Orateur
Description
Dynamical sampling is a term describing an emerging set of problems related to recovering signals and evolution operators from space-time samples. For example, consider the abstract IVP in a separable Hilbert space $\mathcal{H}$:
(0.1) $\left\{\begin{matrix}
\dot{u}(t) & =Au(t) & + F(t)\\
u(0)&=u_{0} &
\end{matrix}\right.$ $\; \; \;$ $t\in \mathbb{R}_{+},u_{0}\in \mathcal{H}$,
where $t\in [0,\infty), \; u : \mathbb{R}_{+} \mapsto \mathcal{H}, \;\; \dot{u} : \mathbb{R}_{+} \mapsto \mathcal{H}\;$ is the time derivative of $u$, and $u_0$ is an initial condition.
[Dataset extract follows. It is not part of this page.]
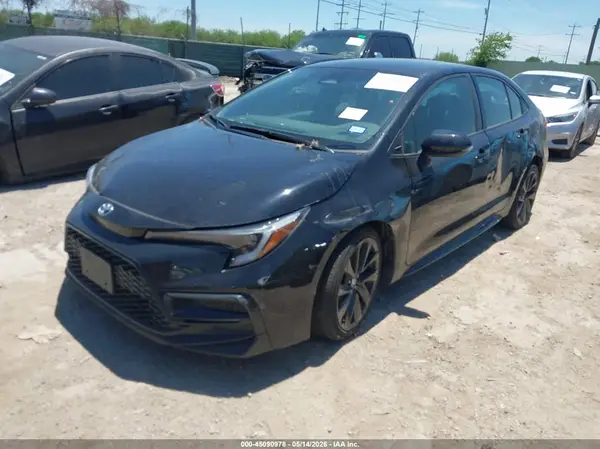 5YFS4MCE1RP173539 2024 TOYOTA COROLLA - Image 2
When, $F = 0, A$ is a known (or unknown) operator, and the goal is to recover u0 from the samples $\left \{ u(t_{i},x_{j}) \right \}$ on a sampling set ${(t_i, x_j )}$, we get the so called space-time sampling problems. If the goal is to identify the operator $A$, or some of its characteristics, we get the system identification problems. If instead we wish to recover $F$, we get the source term problems. In this talk, I will present an overview of dynamical sampling, and some open problems.